However, even if I agree with the answer, I don't agree with its "jump to the
conclusion".

Here is my take on that:

Whether one's believes in decentralization or in centralization, another of
bitcoin core assets is that it is not deflationary for prices.

All currencies have price deflation built it, for some macroeconomic reasons
about motivating agents that I don't fully understand yet. It could be a good
thing for economic growth, or it may not be. Let's leave that issue aside.

The important thing is that Bitcoin doesn't. Being convertible with other
currencies means its value can only rise (following the definition of
deflation!)

So the only question is whether the rise in relative value - bitcoin inflation
- will be faster than the fall of the goods prices' in the other currencies.
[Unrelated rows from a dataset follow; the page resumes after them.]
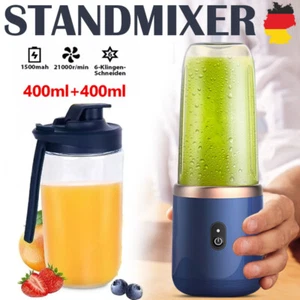 Smoothie Maker Standmixer kitchen chopper ice multifunctional mixer 400+400ml - Bild 1 von 13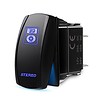 OFF/ON * SWITCH, STEREO (BLUE LED)
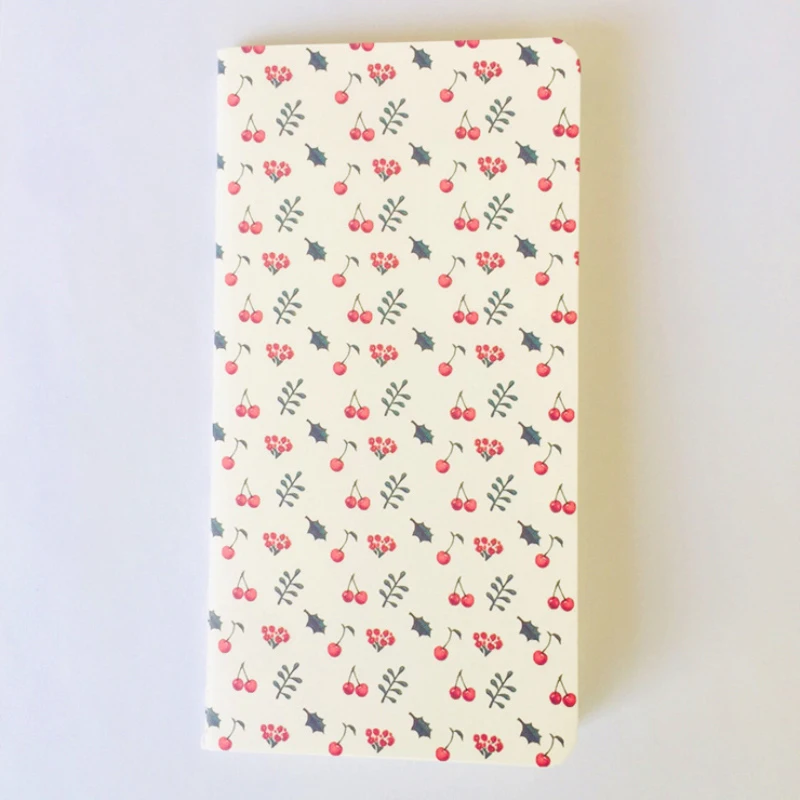 1pcs Cherry 1 шт./лот Kawai мультфильм карманный блокнот ежедневный ежемесячник еженедельник записная книжка-органайзер школьные принадлежности канцелярские принадлежности подарок - Цвет: 1pcs Cherry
And that's where the decentralization part plays its role and the article
gives the right answer : if you believe in decentralization and in parties
acting in their own best interests, it will be faster.

If you believe in centralization and people acting for the others best
interest, it won't be faster.

Bitcoin is a fun experiment on human behaviour :-)

In the end, bitcoin value will still rise - if only because it provides a way
to escape from the deflationary currencies. The only question is how fast.

There _are_ negative interest government bonds being sold right now - IIRC,
Germany and France do that.

Why one would make sure to take a fall when a conversion in bit coin means
that the value can be preserved?

The question of whether it is a good thing for economic growth remains. It
doesn't seems to be.

I don't have bitcoin wealth. I wish I did because it seems like a very good
placement at the moment.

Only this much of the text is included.